(Provided entries)

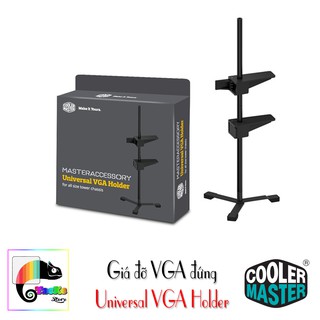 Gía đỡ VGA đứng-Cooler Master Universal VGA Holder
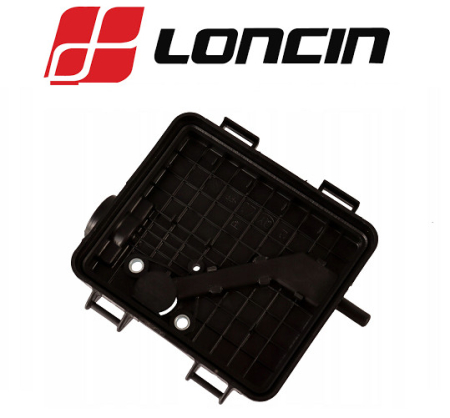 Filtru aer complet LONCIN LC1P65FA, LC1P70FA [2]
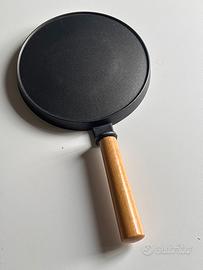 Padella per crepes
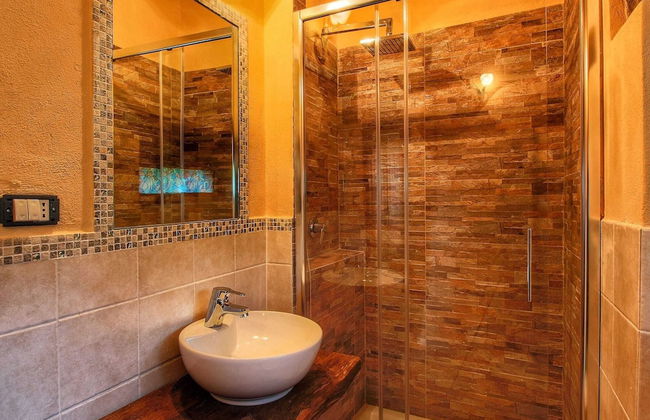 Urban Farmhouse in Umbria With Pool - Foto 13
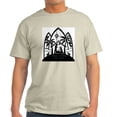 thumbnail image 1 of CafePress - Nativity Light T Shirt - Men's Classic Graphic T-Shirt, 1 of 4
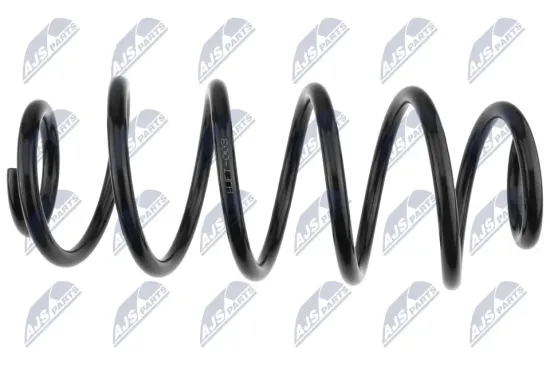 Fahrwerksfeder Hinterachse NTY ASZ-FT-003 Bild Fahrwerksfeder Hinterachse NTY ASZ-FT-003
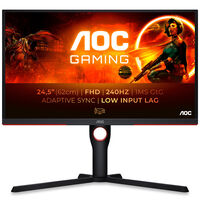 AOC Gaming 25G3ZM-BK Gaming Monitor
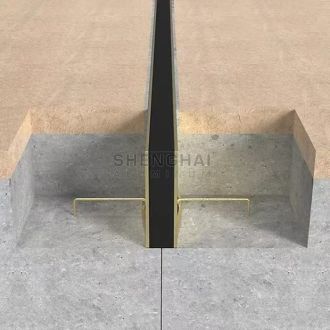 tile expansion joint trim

(End Provided entries)
(Provided entries)

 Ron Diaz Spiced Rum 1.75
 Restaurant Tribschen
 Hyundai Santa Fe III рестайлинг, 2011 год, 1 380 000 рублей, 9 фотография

(End Provided entries)

Prompt:
From the listing above, restate verbatim the lines running from the one with "Gía đỡ VGA đứng-Cooler" through the one with "tile expansion joint trim", inclusive, but not the pictures.

Expected answer:
 Gía đỡ VGA đứng-Cooler Master Universal VGA Holder
 Filtru aer complet LONCIN LC1P65FA, LC1P70FA [2]
 Padella per crepes
 Urban Farmhouse in Umbria With Pool - Foto 13
 thumbnail image 1 of CafePress - Nativity Light T Shirt - Men's Classic Graphic T-Shirt, 1 of 4
 Fahrwerksfeder Hinterachse NTY ASZ-FT-003 Bild Fahrwerksfeder Hinterachse NTY ASZ-FT-003
 AOC Gaming 25G3ZM-BK Gaming Monitor
 tile expansion joint trim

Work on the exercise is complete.